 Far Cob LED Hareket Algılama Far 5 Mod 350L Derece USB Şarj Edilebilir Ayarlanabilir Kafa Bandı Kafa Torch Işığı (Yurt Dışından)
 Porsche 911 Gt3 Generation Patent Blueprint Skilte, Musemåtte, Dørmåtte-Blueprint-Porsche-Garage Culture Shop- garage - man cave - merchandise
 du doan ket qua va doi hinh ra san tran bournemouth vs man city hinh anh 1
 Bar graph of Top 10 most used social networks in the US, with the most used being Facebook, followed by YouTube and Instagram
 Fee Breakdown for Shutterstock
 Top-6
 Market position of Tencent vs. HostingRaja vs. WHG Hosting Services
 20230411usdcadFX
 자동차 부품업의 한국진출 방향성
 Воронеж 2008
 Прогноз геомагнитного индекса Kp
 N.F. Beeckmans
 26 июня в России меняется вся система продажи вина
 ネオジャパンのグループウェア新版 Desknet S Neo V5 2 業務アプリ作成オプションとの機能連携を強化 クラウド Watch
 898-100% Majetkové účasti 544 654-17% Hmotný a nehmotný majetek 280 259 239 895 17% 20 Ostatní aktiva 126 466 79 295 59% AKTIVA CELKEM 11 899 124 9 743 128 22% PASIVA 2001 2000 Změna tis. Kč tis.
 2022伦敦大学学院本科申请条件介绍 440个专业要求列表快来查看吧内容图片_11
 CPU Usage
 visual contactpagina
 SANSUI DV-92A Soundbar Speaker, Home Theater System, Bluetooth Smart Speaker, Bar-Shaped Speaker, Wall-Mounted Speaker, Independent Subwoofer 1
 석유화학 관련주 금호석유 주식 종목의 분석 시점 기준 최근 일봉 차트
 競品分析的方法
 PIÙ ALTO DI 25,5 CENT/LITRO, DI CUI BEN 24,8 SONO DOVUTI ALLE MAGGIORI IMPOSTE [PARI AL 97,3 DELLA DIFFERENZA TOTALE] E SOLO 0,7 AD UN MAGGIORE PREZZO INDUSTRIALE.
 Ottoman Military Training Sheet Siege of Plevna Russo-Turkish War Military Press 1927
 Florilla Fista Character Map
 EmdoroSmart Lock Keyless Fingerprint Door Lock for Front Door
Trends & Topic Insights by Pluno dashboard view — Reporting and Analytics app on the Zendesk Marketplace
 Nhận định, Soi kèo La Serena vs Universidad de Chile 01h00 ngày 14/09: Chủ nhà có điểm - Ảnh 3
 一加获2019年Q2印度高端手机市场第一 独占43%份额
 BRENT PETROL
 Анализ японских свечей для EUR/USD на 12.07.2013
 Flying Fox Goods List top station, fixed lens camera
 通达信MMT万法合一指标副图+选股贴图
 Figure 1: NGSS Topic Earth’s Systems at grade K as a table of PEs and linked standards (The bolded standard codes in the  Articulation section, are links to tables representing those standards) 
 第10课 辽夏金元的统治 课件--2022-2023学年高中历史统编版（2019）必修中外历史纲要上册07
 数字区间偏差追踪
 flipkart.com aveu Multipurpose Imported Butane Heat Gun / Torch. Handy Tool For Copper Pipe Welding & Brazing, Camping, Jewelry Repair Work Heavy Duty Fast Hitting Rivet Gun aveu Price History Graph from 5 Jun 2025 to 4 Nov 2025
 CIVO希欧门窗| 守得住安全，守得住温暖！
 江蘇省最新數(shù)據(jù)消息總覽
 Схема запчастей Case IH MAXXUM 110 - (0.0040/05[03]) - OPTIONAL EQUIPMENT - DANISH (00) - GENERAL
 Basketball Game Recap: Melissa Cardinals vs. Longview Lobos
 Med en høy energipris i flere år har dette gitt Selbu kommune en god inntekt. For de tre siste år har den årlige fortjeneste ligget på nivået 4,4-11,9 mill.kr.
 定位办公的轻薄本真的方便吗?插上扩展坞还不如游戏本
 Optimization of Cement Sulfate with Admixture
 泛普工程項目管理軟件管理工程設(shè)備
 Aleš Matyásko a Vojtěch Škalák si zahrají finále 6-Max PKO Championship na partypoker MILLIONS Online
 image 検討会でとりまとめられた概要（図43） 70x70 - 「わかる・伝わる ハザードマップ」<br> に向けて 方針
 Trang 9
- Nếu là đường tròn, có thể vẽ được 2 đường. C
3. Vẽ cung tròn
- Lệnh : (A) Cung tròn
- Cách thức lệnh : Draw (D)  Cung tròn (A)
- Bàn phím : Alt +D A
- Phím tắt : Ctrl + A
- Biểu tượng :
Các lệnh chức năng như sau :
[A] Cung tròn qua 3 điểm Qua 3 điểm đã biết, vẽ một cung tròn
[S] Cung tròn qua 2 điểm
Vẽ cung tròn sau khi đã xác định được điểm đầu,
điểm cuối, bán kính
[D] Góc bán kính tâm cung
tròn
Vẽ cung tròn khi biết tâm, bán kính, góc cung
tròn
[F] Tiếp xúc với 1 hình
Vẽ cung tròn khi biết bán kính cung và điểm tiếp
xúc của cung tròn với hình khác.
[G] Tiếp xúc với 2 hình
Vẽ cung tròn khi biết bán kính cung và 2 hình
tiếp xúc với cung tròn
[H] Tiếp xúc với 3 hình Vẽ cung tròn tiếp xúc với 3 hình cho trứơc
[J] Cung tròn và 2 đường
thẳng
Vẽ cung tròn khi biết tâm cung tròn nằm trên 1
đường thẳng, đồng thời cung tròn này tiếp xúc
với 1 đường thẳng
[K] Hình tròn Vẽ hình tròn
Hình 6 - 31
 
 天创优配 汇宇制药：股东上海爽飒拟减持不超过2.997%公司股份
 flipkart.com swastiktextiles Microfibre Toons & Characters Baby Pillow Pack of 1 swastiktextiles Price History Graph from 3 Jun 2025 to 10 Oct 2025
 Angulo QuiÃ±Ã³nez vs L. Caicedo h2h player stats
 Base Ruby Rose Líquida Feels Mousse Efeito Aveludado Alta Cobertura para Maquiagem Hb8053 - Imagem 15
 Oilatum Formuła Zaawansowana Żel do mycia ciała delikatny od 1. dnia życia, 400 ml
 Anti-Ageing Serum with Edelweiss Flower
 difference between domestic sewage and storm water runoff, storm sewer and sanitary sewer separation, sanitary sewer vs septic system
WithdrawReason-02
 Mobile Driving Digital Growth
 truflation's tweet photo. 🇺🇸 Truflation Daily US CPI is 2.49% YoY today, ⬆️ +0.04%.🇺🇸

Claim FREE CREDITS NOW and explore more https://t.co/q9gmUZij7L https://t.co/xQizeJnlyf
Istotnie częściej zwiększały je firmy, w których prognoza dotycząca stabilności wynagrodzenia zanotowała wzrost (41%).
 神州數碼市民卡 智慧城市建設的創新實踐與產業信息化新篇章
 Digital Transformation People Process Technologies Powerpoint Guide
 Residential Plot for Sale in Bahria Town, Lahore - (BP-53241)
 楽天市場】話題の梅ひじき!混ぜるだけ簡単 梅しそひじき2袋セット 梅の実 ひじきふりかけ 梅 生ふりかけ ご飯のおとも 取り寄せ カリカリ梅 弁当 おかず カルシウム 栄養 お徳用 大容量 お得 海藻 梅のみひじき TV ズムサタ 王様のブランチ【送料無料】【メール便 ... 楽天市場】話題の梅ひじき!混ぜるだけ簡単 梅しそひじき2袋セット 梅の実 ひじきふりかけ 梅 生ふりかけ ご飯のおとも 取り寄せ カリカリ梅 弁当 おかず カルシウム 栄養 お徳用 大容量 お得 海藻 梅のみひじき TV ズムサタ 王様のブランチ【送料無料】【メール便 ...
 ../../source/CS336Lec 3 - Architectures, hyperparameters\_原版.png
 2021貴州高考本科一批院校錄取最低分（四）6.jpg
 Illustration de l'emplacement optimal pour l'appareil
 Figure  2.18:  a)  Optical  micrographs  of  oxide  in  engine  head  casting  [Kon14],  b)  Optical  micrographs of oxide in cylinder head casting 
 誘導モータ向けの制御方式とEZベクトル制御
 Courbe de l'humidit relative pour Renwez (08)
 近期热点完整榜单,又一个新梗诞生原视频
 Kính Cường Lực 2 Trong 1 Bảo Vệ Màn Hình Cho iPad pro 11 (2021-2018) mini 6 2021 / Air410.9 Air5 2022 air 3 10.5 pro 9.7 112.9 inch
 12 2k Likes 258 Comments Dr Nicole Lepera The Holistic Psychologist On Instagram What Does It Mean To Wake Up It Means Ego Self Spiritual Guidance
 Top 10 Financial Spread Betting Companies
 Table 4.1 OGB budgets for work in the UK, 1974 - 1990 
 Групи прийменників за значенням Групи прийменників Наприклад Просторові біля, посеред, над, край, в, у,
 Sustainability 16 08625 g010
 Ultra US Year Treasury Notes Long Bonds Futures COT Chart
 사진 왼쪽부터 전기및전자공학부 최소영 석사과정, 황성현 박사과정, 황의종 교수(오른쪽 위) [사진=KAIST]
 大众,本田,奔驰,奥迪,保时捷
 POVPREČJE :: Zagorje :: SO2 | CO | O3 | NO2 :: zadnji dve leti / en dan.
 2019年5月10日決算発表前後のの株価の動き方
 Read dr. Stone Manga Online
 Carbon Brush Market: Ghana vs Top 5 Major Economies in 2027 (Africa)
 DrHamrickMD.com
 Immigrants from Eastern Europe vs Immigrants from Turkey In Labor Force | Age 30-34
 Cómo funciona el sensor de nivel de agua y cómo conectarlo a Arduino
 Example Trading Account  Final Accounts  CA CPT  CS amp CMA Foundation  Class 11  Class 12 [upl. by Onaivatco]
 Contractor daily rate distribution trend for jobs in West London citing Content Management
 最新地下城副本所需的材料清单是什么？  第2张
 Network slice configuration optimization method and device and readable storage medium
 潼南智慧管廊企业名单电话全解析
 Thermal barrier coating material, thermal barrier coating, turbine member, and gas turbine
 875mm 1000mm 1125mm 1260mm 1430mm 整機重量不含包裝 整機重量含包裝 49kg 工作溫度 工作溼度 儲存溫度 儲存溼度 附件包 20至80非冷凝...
########################################
# Exercise details
Each line of the data that has the string "pour" should be returned.

# Solution for this exercise
 Illustration de l'emplacement optimal pour l'appareil
 Courbe de l'humidit relative pour Renwez (08)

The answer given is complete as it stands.